(Source data begins)
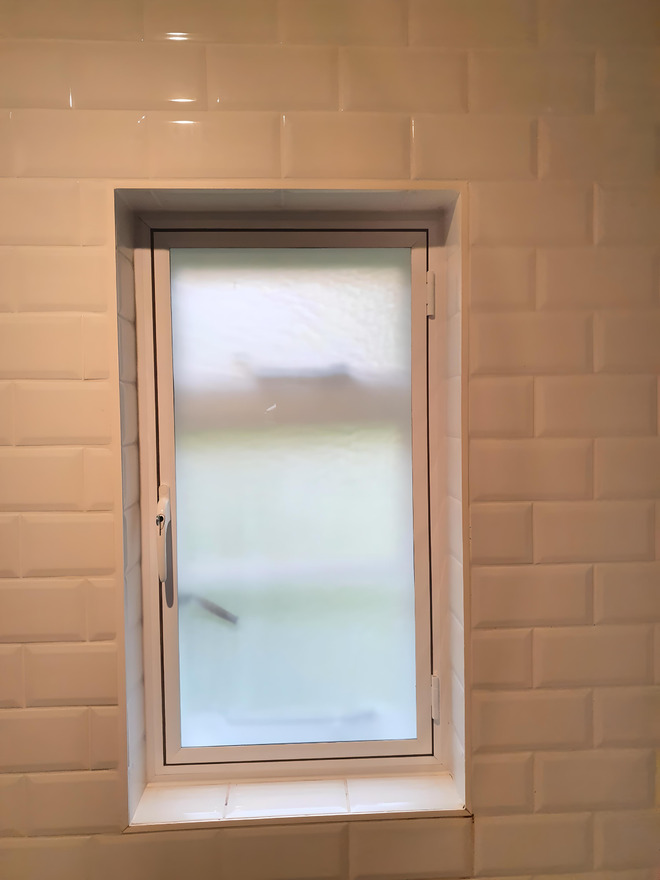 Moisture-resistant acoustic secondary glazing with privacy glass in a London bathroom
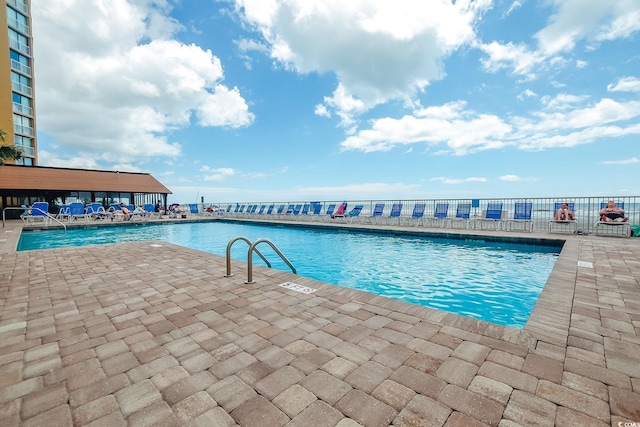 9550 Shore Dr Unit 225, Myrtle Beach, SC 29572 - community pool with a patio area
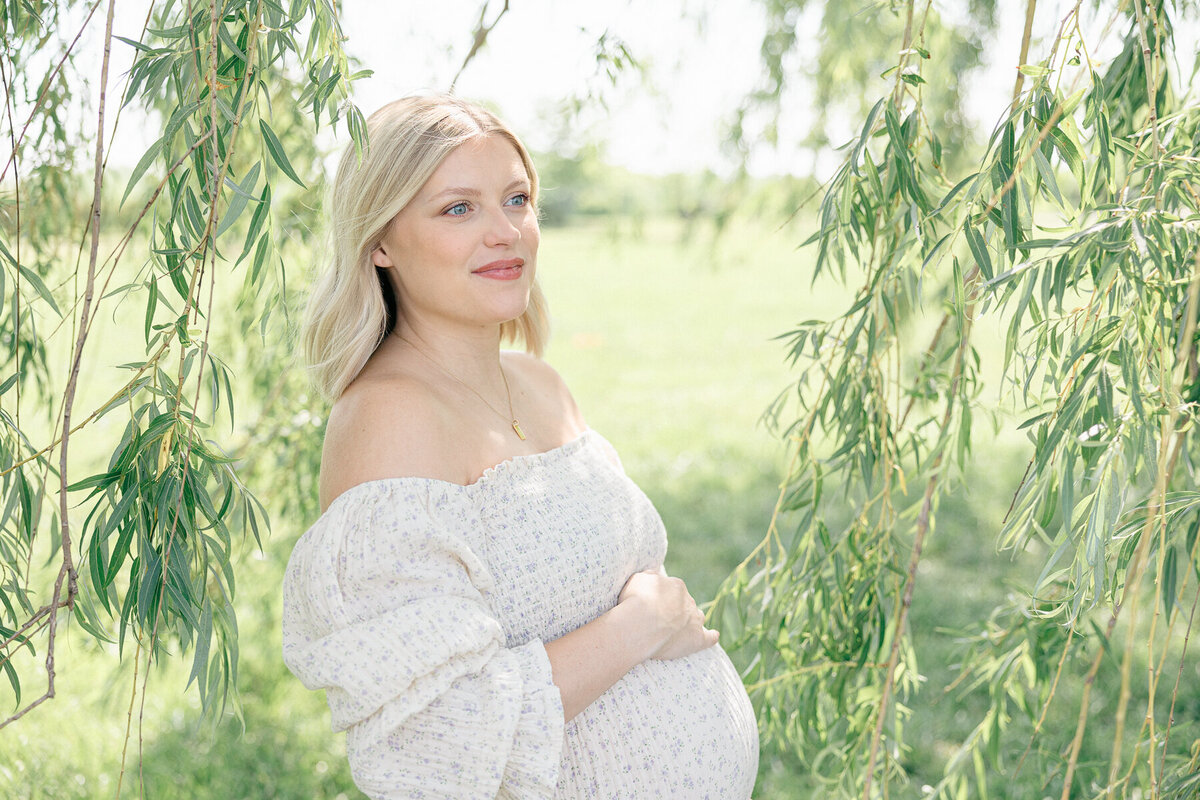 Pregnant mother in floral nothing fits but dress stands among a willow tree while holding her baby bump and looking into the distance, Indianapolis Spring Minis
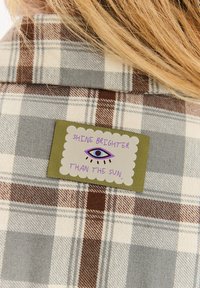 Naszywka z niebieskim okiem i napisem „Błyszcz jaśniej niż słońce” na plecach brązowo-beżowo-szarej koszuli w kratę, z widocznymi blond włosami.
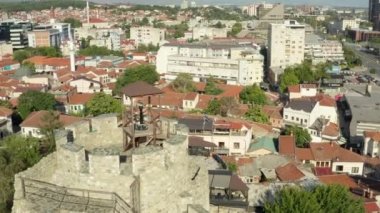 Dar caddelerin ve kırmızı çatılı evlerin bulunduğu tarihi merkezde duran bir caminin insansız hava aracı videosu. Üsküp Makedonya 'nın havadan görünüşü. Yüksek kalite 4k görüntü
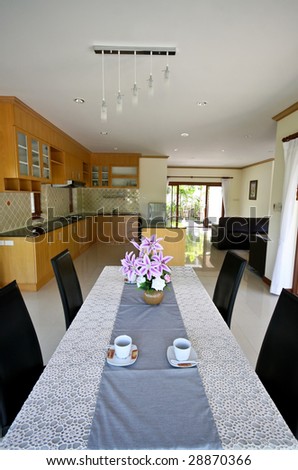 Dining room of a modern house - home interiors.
(Source data ends)
Work item: An exact transcription of the records above is needed, with no pictures included.

Answer for this exercise:
 Moisture-resistant acoustic secondary glazing with privacy glass in a London bathroom
 9550 Shore Dr Unit 225, Myrtle Beach, SC 29572 - community pool with a patio area
 Pregnant mother in floral nothing fits but dress stands among a willow tree while holding her baby bump and looking into the distance, Indianapolis Spring Minis
 Naszywka z niebieskim okiem i napisem „Błyszcz jaśniej niż słońce” na plecach brązowo-beżowo-szarej koszuli w kratę, z widocznymi blond włosami.
 Dar caddelerin ve kırmızı çatılı evlerin bulunduğu tarihi merkezde duran bir caminin insansız hava aracı videosu. Üsküp Makedonya 'nın havadan görünüşü. Yüksek kalite 4k görüntü
 Dining room of a modern house - home interiors.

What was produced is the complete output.